US Army: $2.6 million contract for the Black Hornet mini-drones.
FLIR, as part of Teledyne, it is supplying the tiny Black Hornet, a palm-sized unmanned aircraft system, which was chosen to become the U.S. Army’s Soldier Borne Sensor, providing reconnaissance capabilities at the individual soldier level.
The Black Hornet weighs less than 1 ounce and is capable — in its current form — of flying about 100 meters high for 25 minutes with line-of-sight distances of up to 1 mile. The UAS is in a size class so small it requires no air-space deconfliction authorization to fly making it very easy to use immediately in an operation.
The company recently won an additional $14.5 million contract to provide Black Hornet to the Army.
FLIR System merging in Teledyne Technologies
The acquisition, $8.2 billion, of FLIR Systems, will allow Teledyne Technologies to be increasingly competitive in the world of unmanned and sensing capabilities.
While FLIR will be fully incorporated into the digital imaging segment with Teledyne, it will get to keep its name, going by Teledyne FLIR.
“We want to build on the strength of Teledyne, but we also want to acknowledge the strength of FLIR. And those two brands, those two technologies sets together really, really sets us apart in the market,” Roger Wells, vice president and general manager of Teledyne FLIR unmanned systems said.
He added that Teledyne doesn’t plan to spin off any of FLIR’s businesses or close down its facilities.

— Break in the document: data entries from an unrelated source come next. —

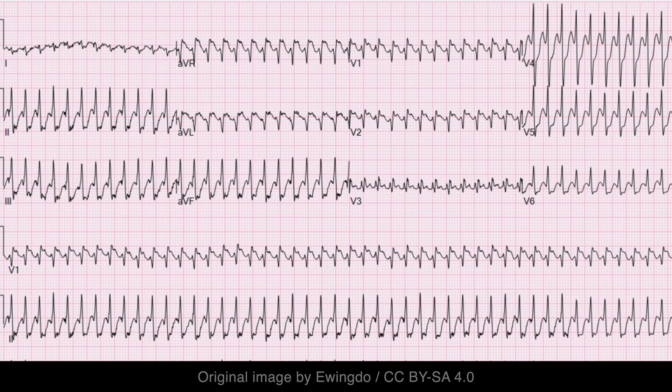Here we have a case of atrial flutter with 1:1 AV conduction. Not only is the ventricular rate extremely rapid, but the F waves are distorted by the QRS complexes.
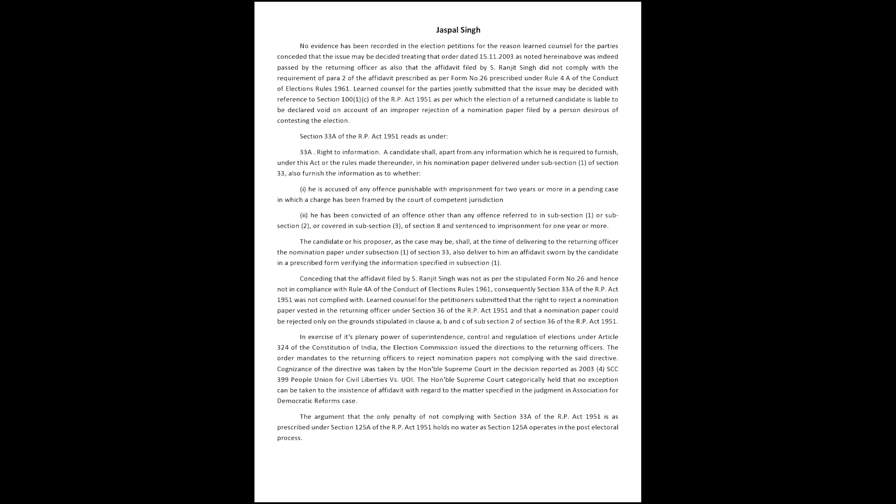The candidate or his proposer, as the case may be, shall at the time of delivering to the returning officer the nomination paper under subsection 1 of Section 33, also deliver to him an affidavit sworn by the candidate in a prescribed form verifying the information specified in subsection 1.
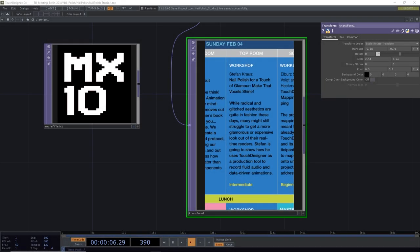Hello, dear Touch Designers! This is Stefan Kraus, and this is, as promised, the recording of the workshop that happened during the Touch Designers Summit 2018 in Berlin on the 4th of February. As we had problems with the recording on location, this is me trying to reconstruct what happened for you to watch offline. You can also find a zip file with the project and the materials in a link. Let's dive into it.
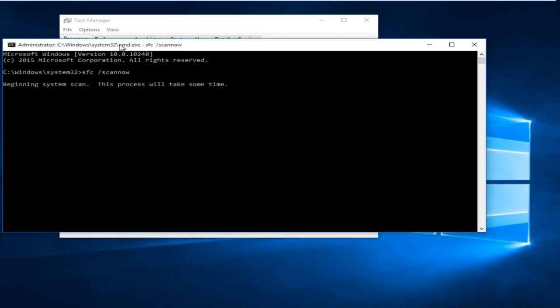SFC stands for System File Checker. And basically what that will do is scan protected system files and if it finds any corrupted files, it will replace it with another copy. Now this will take some time depending on how many files are on your computer.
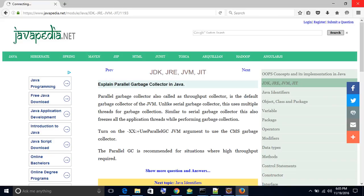Explain Parallel Garbage Collector in Java. The Parallel Garbage Collector, also called the Throughput Collector, is the default garbage collector of the JVM.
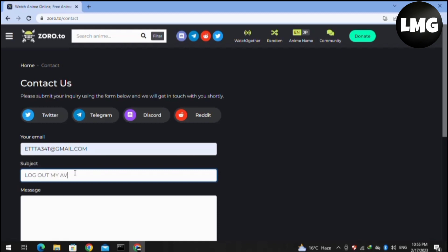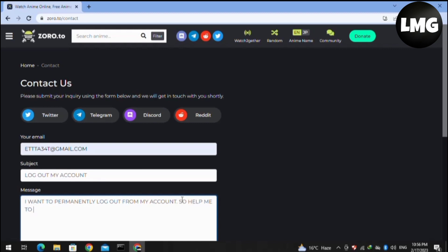Followed by this subject, you have to make a short description. For example: I want to log out from my account permanently. Please help me do this successfully and deactivate my account permanently. I will be grateful to you for this favor.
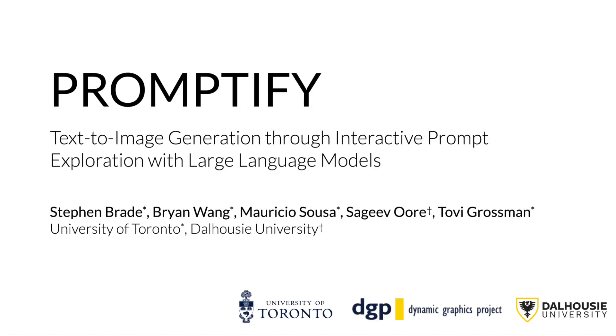We hope our research will continue to inspire future work on facilitating the workflow for text-to-image models.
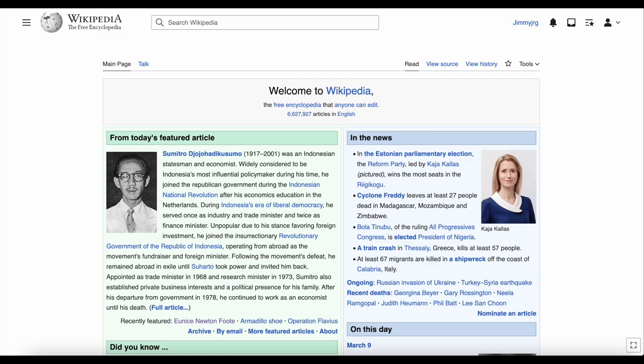You might say, 'Hey, look at this article on Wikipedia.' But you could also say, 'Hey, look at this page on Wikipedia.' So is there a difference between the two?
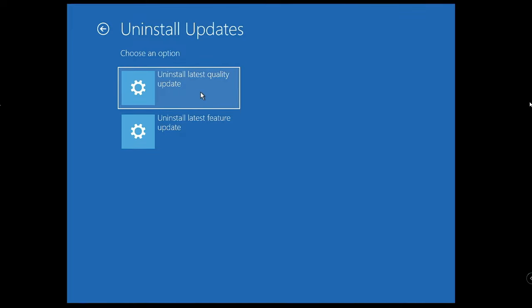Keep in mind the black screen problem can be both because of the new quality update or new feature update. First, we will try with the quality update and click on it, then we will check whether the problem has been fixed or not.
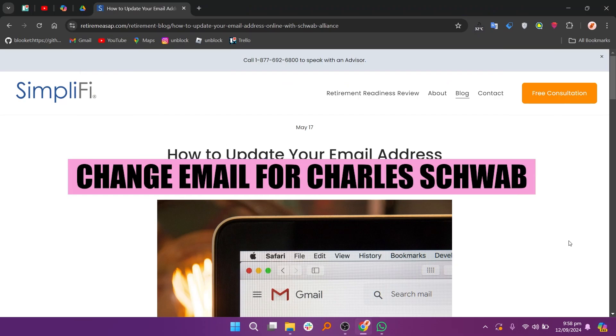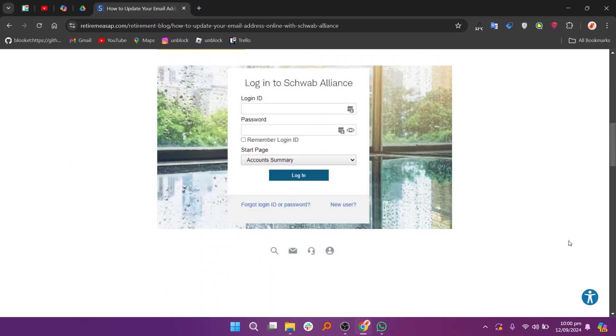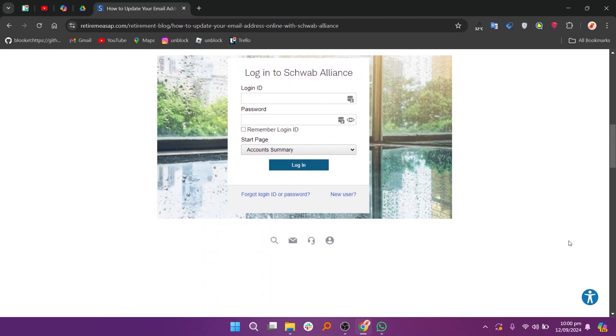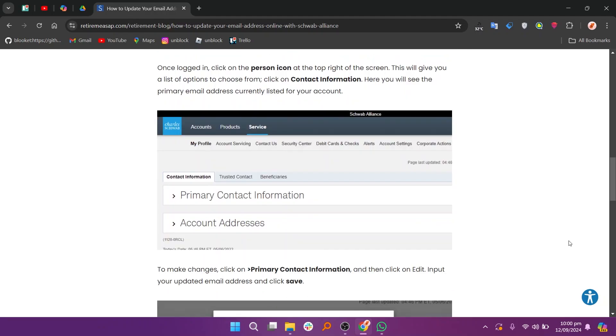Hey everyone, in this video we are going to learn how to change email for Charles Schwab. First, log in to your account at www.schwaballiance.com.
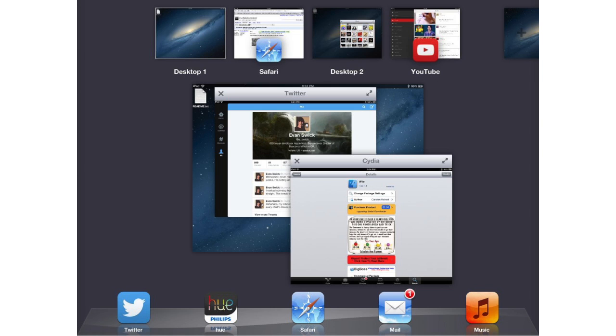ESWIC actually hasn't given a whole lot of details on this other than posting this screenshot. It was just a single screenshot to tease us with and he said it should be available early 2014 and be available for iOS 6 and iOS 7.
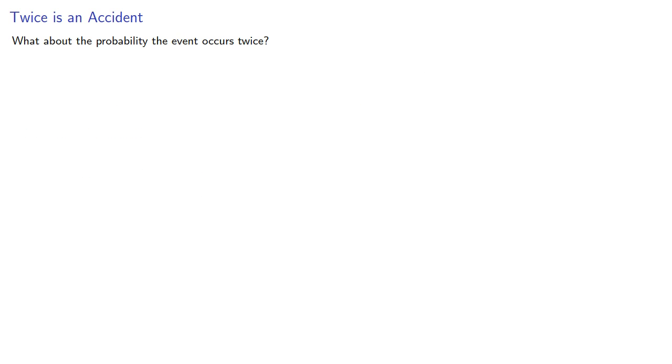What about the probability that the event occurs twice? So again, this is another binomial probability, and so the probability that there are X equal to two successes will be...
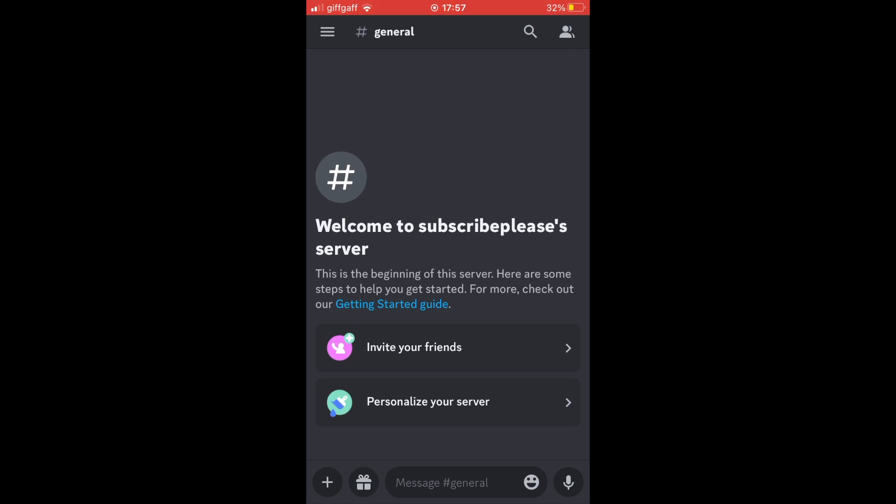Here we are in a Discord chat. If you want to type in large text, all you're going to want to do in the chat is click on the message section.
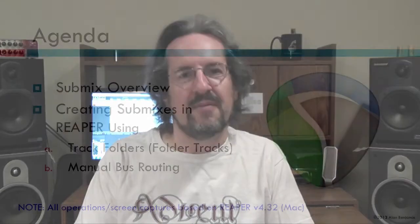Hello. My name is Alan Benjamin. I'm a guitarist and multi-instrumentalist from the band Advent. I'm here in New Jersey today to speak with you about configuring submixes in Reaper.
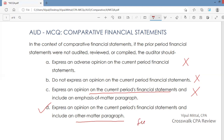Section 700 of the auditing standards asks you to include an other matter paragraph in this situation. In this other matter paragraph, you make the situation very clear: you specify that you have not audited, reviewed, or compiled last year's financial statements, and that you assume no responsibility for them. So if prior period financial statements were not audited, reviewed, or compiled, you express an opinion on the current period financial statements only and include an other matter paragraph in your report.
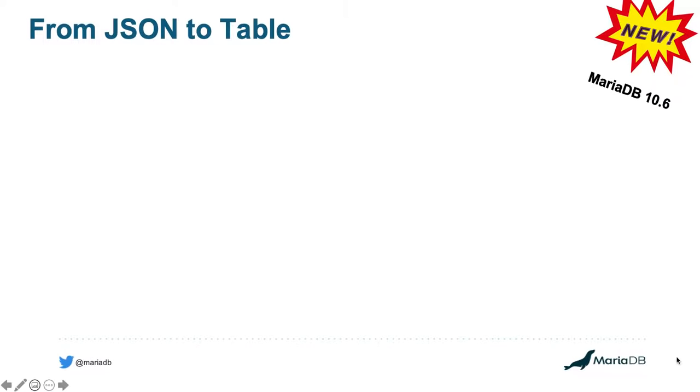Hello there. This is Rob from MariaDB. Today, I'd like to let you know about a new piece of functionality available within MariaDB 10.6.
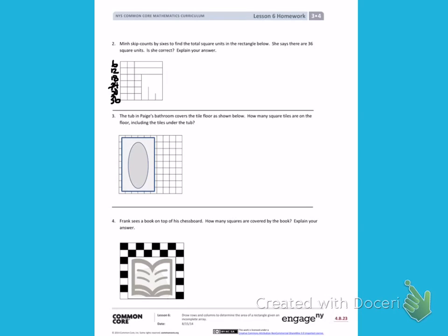My skip counting is the same if I go down one column. I would also like to check by continuing to fill in my picture, and then count each square individually. So I'm going to continue the lines up, and again, these lines up to the top. Then I will continue the lines across until I see each side.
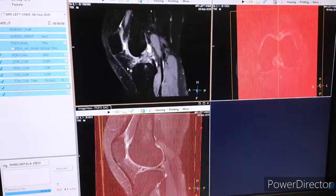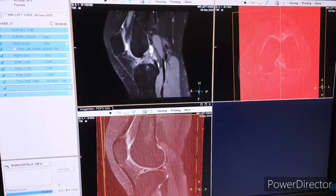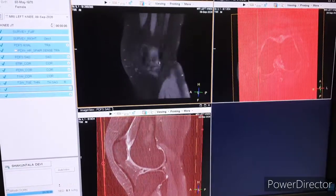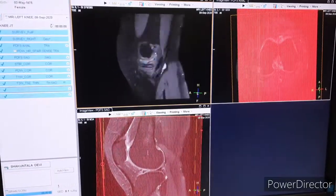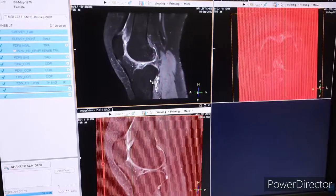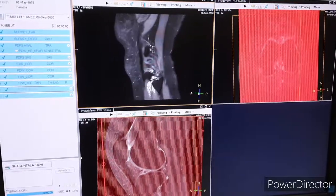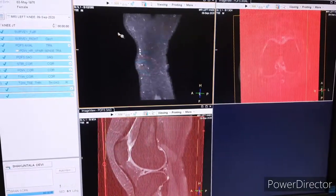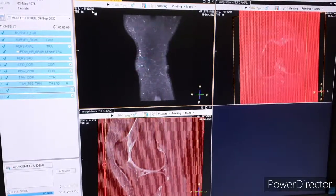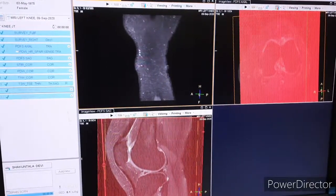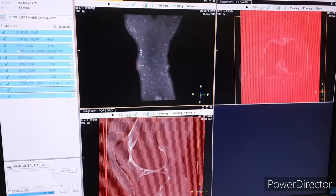Next is PDFs 3D sagittal. You can see we have covered the whole knee in one sequence. The number of images we have generated here is 380, and the slice thickness is 0.8 millimeters.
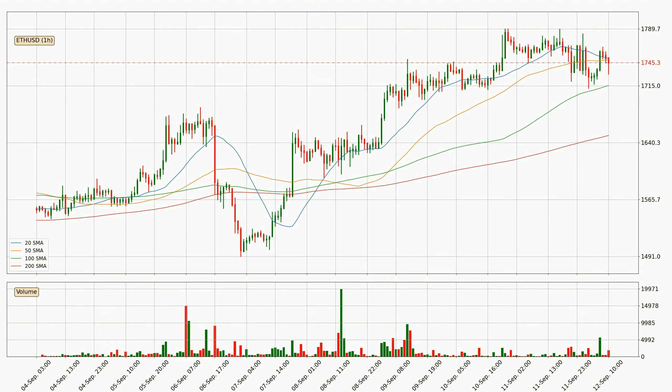The 50 SMA, which is at $17.49, could be seen as a resistance to the upside. Breaking either way signals a possible further move in the corresponding direction.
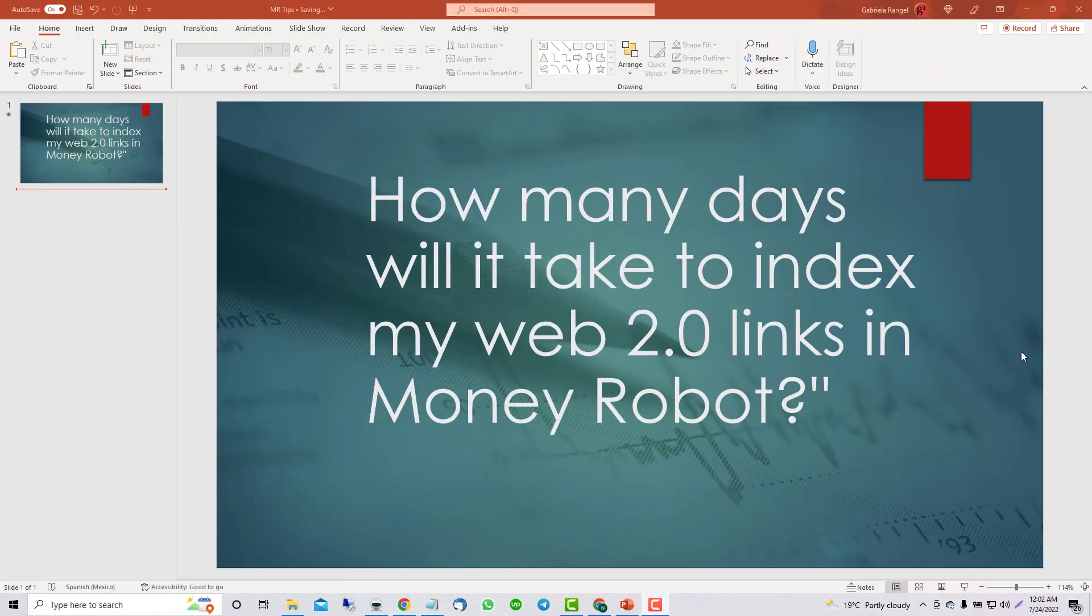Hi there, this is Gabriela, and in this video we'll look at how long it takes for MoneyRobot indexing services to take effect. I will walk you through how to use it and answer the common question: how many days will it take to index my Web 2.0 links in MoneyRobot.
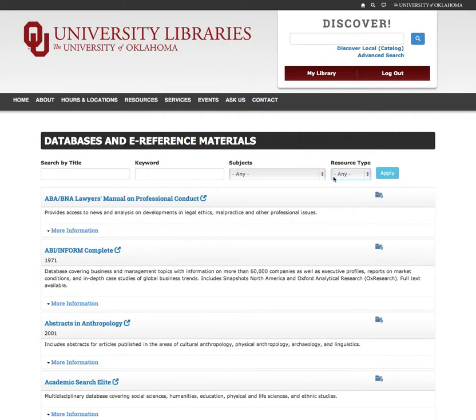When you've found a resource you want to add, click on the folder icon next to the item.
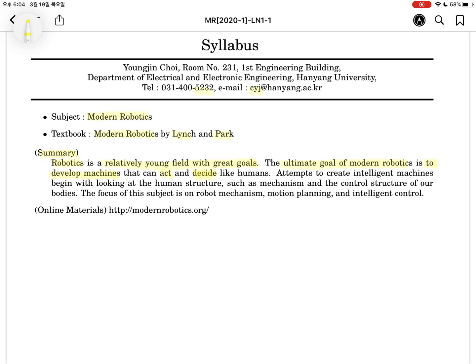The machine that can act and decide like humans. 'Decide' includes two things: sense and plan. So the robot can be defined as a machine that can act, sense, and plan like humans. The main focus of robotics is the human — human movement, human thinking, human perception, human sensing system, human limb coordination.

FLIR is contributing technology, particularly thermal imaging and artificial intelligence capabilities, to the Integrated Visual Augmentation System, a pair of goggles worn by soldiers providing intelligence during operations. FLIR also provides countless imaging and detection sensors on a wide variety of platforms throughout the U.S. military and to more than 50 countries around the globe. The company expects its technology in that department to become even better under Teledyne, according to Wells.